Make sure we test issue deduplication

Question

Make sure we test issue deduplication

Opened this issue 2 years ago · 3 comments

The latest database and I/O schema versions have added support for "issues" and "incidents". Out of those two "issues" required a potentially-disruptive change, because they have two columns in their primary keys: id and version. As such, the deduplication mechanism should handle them differently from other objects, i.e. allow keeping issues with the same id field value, but different version values in the database at the same time. This is different from the rest of the objects, which all can differ in their id field only.

Make sure we have tests in kcidb/test_db.py that:

load() two issues with the same id/version pair and check that only one ends up in the database (using either the query() or the dump() method);
load() two issues with the same id, but different version field values, and check that both are there in the database (using the same method);
load() two issues with the same version, but different id field values, and check the same;
load() two issues with both id and version different, and check the same.

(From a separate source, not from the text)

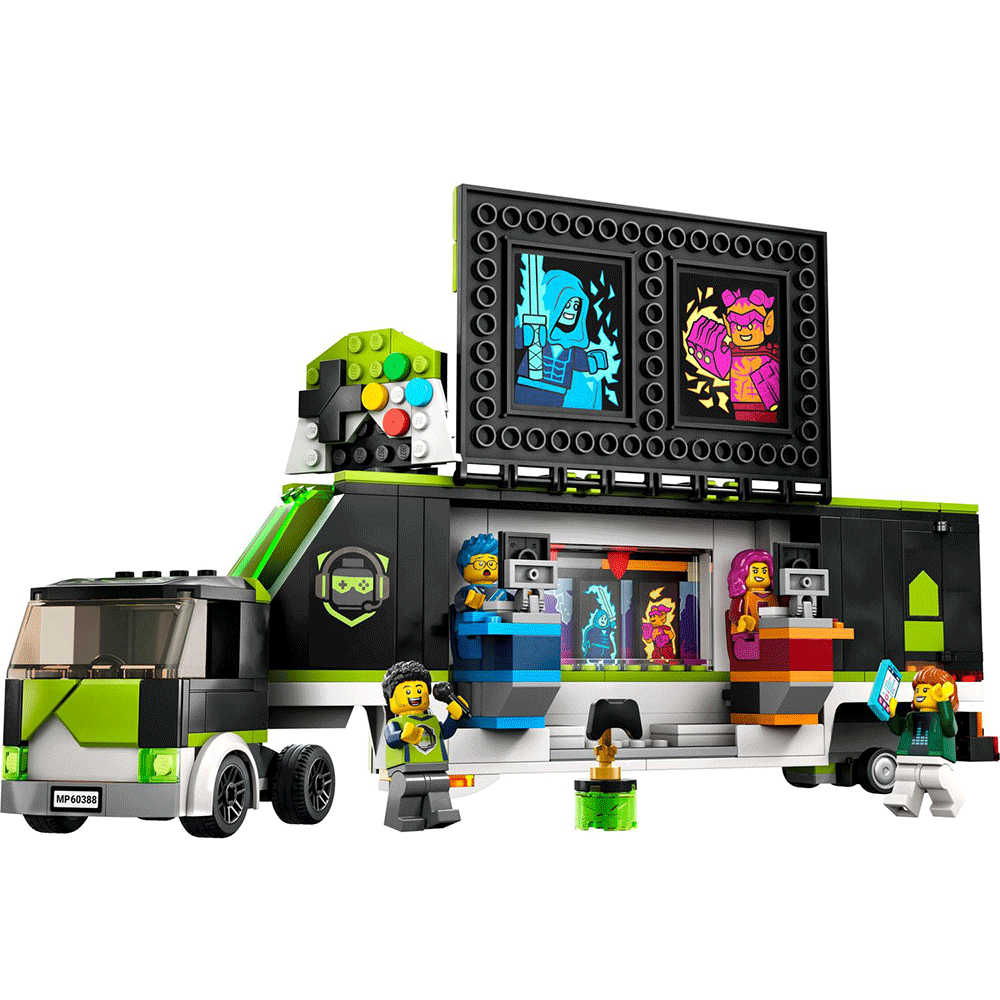 LEGO City: Camion pentru turneul de gaming 60388, 7 ani+, 344 piese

Either prove tests like that already exist, or make sure they don't and add your own.

Answer 1 · 2023-03-19T04:26:38.000Z

hey, can I work on this?

Answer 2 · 2023-03-29T17:57:09.000Z

Sure!

Regarding your question on Slack:

In the issue should we be checking for these

issues=[
            dict(id="_:1", origin="_", version=1),
            dict(id="_:2", origin="_", version=1),
            dict(id="_:3", origin="_", version=1),
            dict(id="_:4", origin="_", version=1),
        ]

in particular? or a more general approach is needed to be taken?

I'm not sure what you're asking exactly, but the issues don't have to have any data beyond the required properties (which you have in the code above). This test would be about deduplication only.

if first is the case will something like this work?

client.load(dict(
        issues=[
            dict(id="_:1", origin="_", version=1),
            dict(id="_:1", origin="_", version=1),
        ],
    ))
    assert len(client.query('issue')) == 1

Yes, loading this data is enough for the first case. However, you have to plan how you're going to be separating data between particular test cases. You need to either empty the database between each, or only check for issues with particular IDs (as opposed to checking the complete contents).

Your querying call is incorrect, though. It should be something like assert len(client.query(ids=dict(issues=["_:1"]))["issues"]) == 1 to get the issues with a specific ID. You can also do assert len(client.dump()["issues"]) == 1 to get all issues (you could also search for an issue with a specific ID in whatever dump() returns). NOTE: I haven't tested either of these.

Answer 3 · 2023-03-29T18:18:09.000Z

I'm not sure what you're asking exactly, but the issues don't have to have any data beyond the required properties (which you have in the code above). This test would be about deduplication only.

this was the code in the file. I send it as a reference.
I wanted to ask if these are the issues that we are talking about.

or only check for issues with particular IDs (as opposed to checking the complete contents).

Is this will be something like this if we talk about particular IDs.

client.load(dict(
        issues=[
            dict(id="_:1", origin="_", version=1),
            dict(id="_:1", origin="_", version=1),
        ],
    ))
    assert len(client.query('issue')) == 1

client.load(dict(
       issues=[
           dict(id="_:2", origin="_", version=1),
           dict(id="_:2", origin="_", version=2),
       ],
   ))
   assert len(client.query('issue')) == 2  ignore the assert